You can easily prevent yourself from ever being infected with malaria. The use of insecticide covered nets has greatly effected the amount of cases of malaria. Again, the problem of the insecticide-resistant parasites remains, though. There are, however, nets without the use of insecticide that primarily have the job of simply keeping mosquitoes from making you their next snack. A reoccurring problem with nets are getting them to villages that are extremely remote. Especially to ones that are in dire need of protection. Spraying insecticides inside homes can immensely repel the mosquitoes that have not become immune. Emptying out water that is infested with mosquito eggs will help also. One other caution that can be performed is keeping a safe distance from marshy lands or any area of land near water. Mosquitoes are night-dwellers, feeding mainly from dusk until dawn. Knowing this, people should not go walking out at night in places that have a high malaria rating. Also, a simple knowledge of what malaria is can help prevent infections from occurring. Scientists everywhere are concerned with malaria and are constantly looking for new ways to rid the world of this terrible disease. Funding is a big part of malaria research. Every year donations are given to help scientists achieve new research, proven when Nantulva states, “with initial donations of more than US $2.5 million to the World Health Organization/Special Program for Research and Training in Tropical Disease Research (WHO/ TDR).”(Nantulva, 2007, 36).
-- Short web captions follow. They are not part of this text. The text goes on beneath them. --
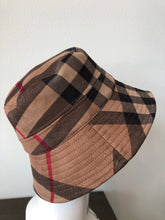 Load image into Gallery viewer, Tartan Plaid Bucket Hat
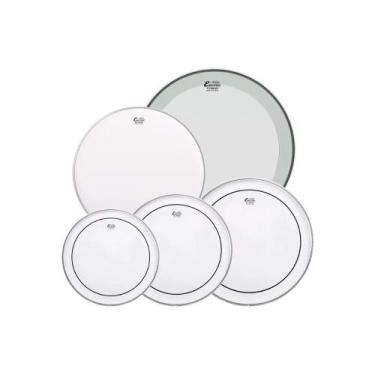 Imagem de Kit Peles 10 12 14 20 + 14 Porosa Encore by Remo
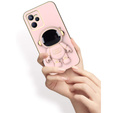 Huse pentru Realme C35, Astronaut, roz
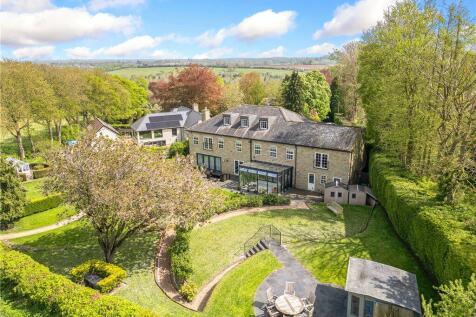 The Ridge, Linton, Wetherby, West... 6 bed detached house for sale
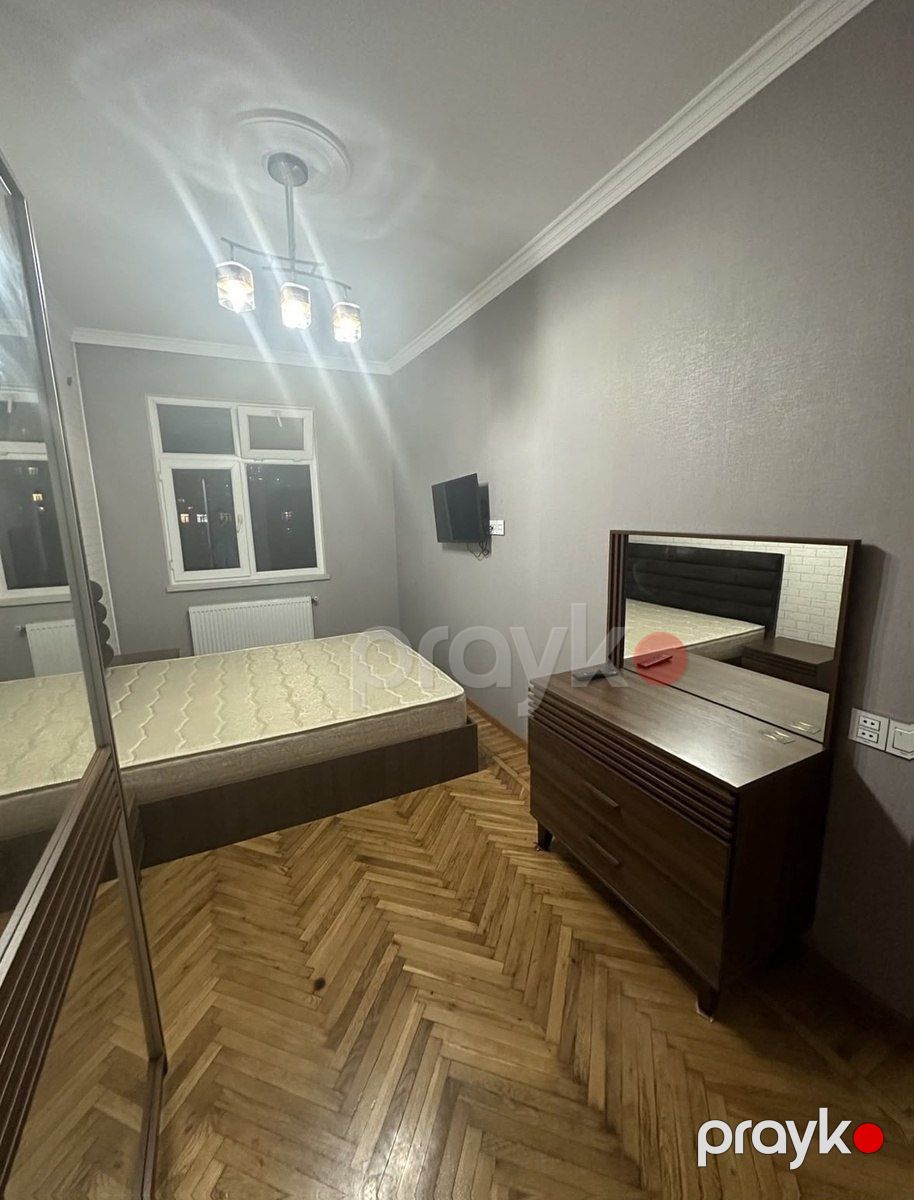 İcarəyə verilir 2 otaqlı köhnə tikili 50 m² — Mənzil, Bakı (4)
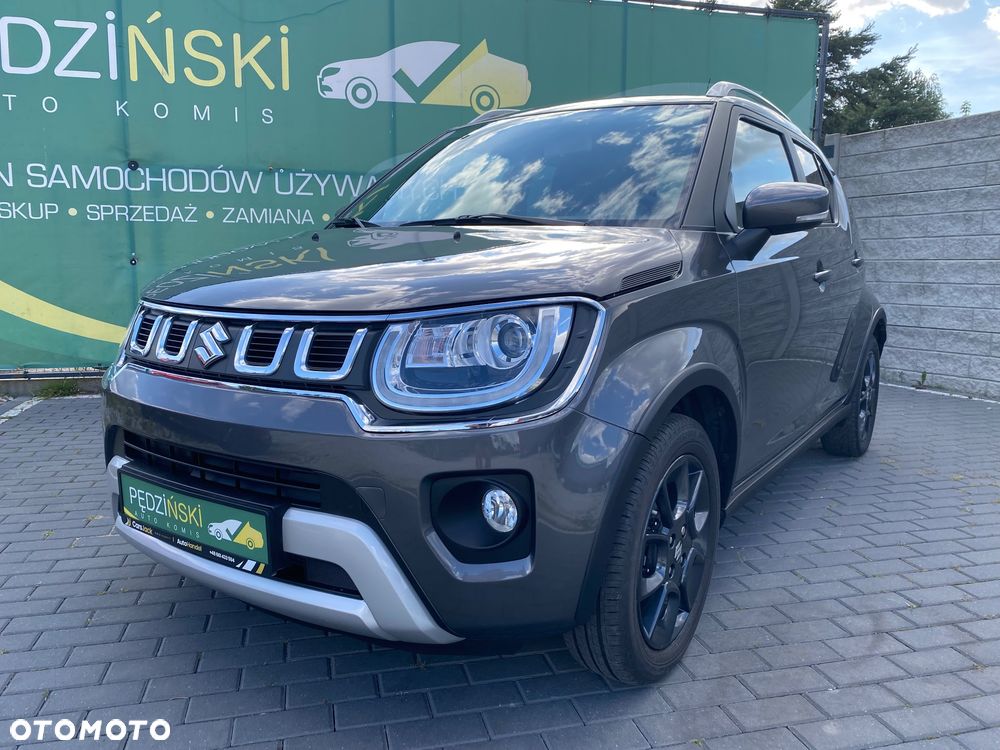Suzuki Ignis 1.2 Dualjet Hybrid Allgrip Comfort+ - 1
Malaria is a significant problem in today’s world. Getting bitten by a mosquito with malaria could change your life forever and scar you. People tend to be confused as to the malaria disease, but questions such as what malaria is, what are the different types of symptoms, what are the treatments for malaria and how they are improving, and how can malaria be prevented and if there is any new research tend to be at the root of their confusion. Malaria is a constant problem in which it’s mysteries are still being researched.